Big Data Engineering

Code:

MECD07

Acronym:

EGD

Keywords
Classification	Keyword
CNAEF	Informatics

Instance: 2024/2025 - 2S

Active?	Yes
Responsible unit:	Department of Informatics Engineering
Course/CS Responsible:	Master in Data Science and Engineering

Cycles of Study/Courses

Acronym	No. of Students	Study Plan	Curricular Years	Credits UCN	Credits ECTS	Contact hours	Total Time
MECD	26	Syllabus	1	-	6	42	162
M.EGI	30	Syllabus	1	-	6	42	162

Teaching Staff - Responsibilities

Teacher	Responsibility
Jorge Manuel Gomes Barbosa

Teaching - Hours

Recitations:

3,00

Type	Teacher	Classes	Hour
Recitations	Totals	2	6,00
Recitations	Jorge Manuel Gomes Barbosa		6,00

Teaching language

Suitable for English-speaking students

Objectives

Extracting information from large sets of data -- known as “big data” –has been the driver for several large and small companies in the last years and has imposed a specific set of challenges, that this course addresses. The goal of this curricular unit is to familiarize the student with the major paradigms, challenges, and approaches at developing big data applications and systems.

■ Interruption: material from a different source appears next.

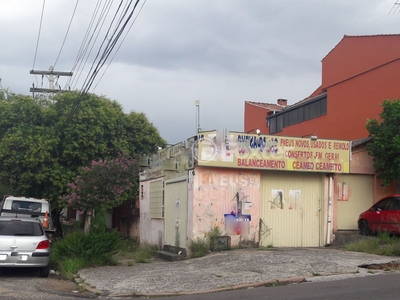 Terreno à venda Rua da Várzea, Jardim São Pedro - Porto Alegre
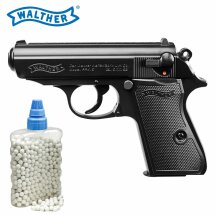 SET Walther PPK/S Metallschlitten Federdruck...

Learning outcomes and competences

After completing this curricular unit, the student should:
1) be able to distinguish the different concepts that support parallel and distributed computing including data processing;
2) understand existing big data storage and processing architectures and systems;
3) be able to develop big data applications, namely search-based applications and learning-based applications, and characterize their performance;
4) be able to identify and discuss challenges in developing and using big data applications and models.

Working method

Presencial

Pre-requirements (prior knowledge) and co-requirements (common knowledge)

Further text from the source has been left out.